The car-puccino successfully set a land speed record at the airfield for a vehicle powered by burning waste, reaching a pedal-to-the-metal milestone of 66mph.
Dried pellets of coffee grounds powered the old Rover, driven by Martin Bacon, who runs Teesdale Conservation Volunteers in Durham.
The record has yet to be confirmed by Guinness World Records.
The coffee-powered car uses a process called gasification, which Mr Bacon, from County Durham, said was used in World War II because of the lack of fuel.
He said he needed an old car because the process needs a carburettor.
“The trouble with a lot of modern cars is that they’ve got far too many sensors on, they’re all fuel-injection,” he said.

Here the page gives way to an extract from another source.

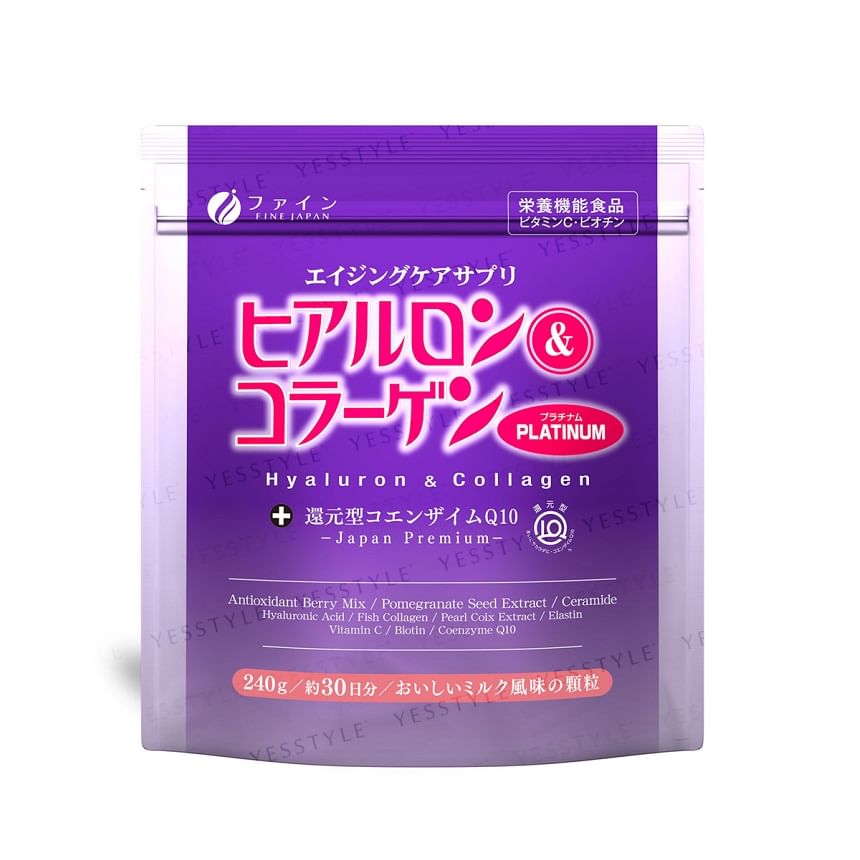 FINE JAPAN - Hyaluron & Collagen + Reduced Coenzyme Q10 Platinum Powder, 240g, 257 g, 4976652015609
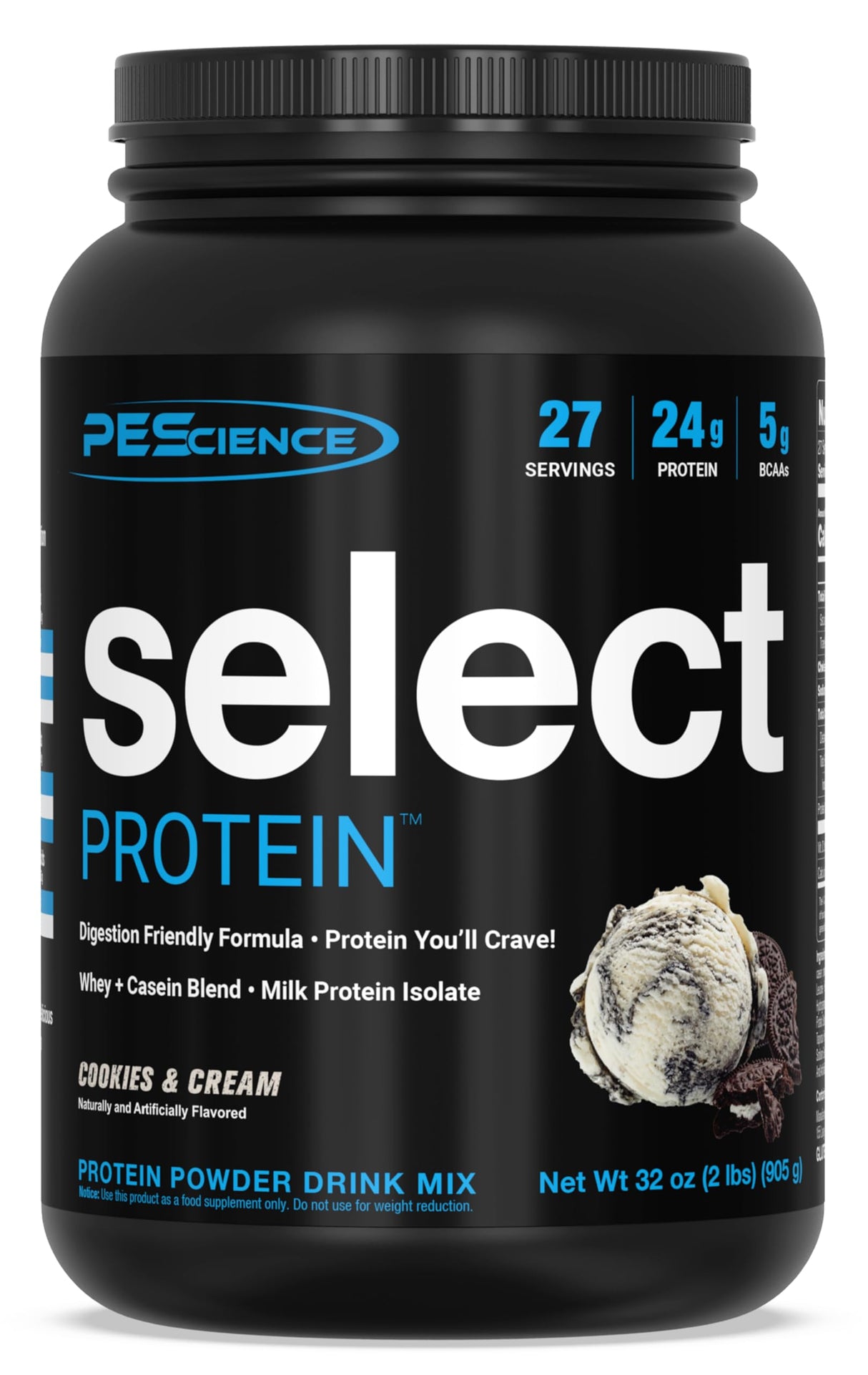 PEScience Select Protein Powder, Whey and Casein Blend, Clean Protein Powder for Women and Men, Low Calorie, Low Carb, Keto Friendly, Gluten Free, Cookies and Cream, 27 Servings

Speaking about the record, in which he had to successfully compete two runs to have any chance of it being authenticated by Guinness, he said: “I’m over the moon, obviously it’s fraught with problems running a car on coffee so it’s not the easiest thing in the world by any imagination.
“We’ve had some serious problems with this car, it was cheap second hand.”
Nicknamed ‘The Expresso’, the 1974 Rover was bought for just £250. They conducted a test run at Elvington last month but wet weather put a dampener on their attempts to reach the required record speed.
Last year he drove a coffee-powered 1988 VW Scirroco from London to Birmingham, breaking the record for the longest journey.
The used coffee granules are made into pellets which are then burned and a flammable gas drawn off.
The car uses this gas as it is produced, although Mr Bacon said the exhaust smells “like a house fire” rather than coffee.
He said the record attempt was partly “a bit of fun” but also intended to make a serious point that waste can produce energy.
The car will now be used as an educational tool and taken around schools.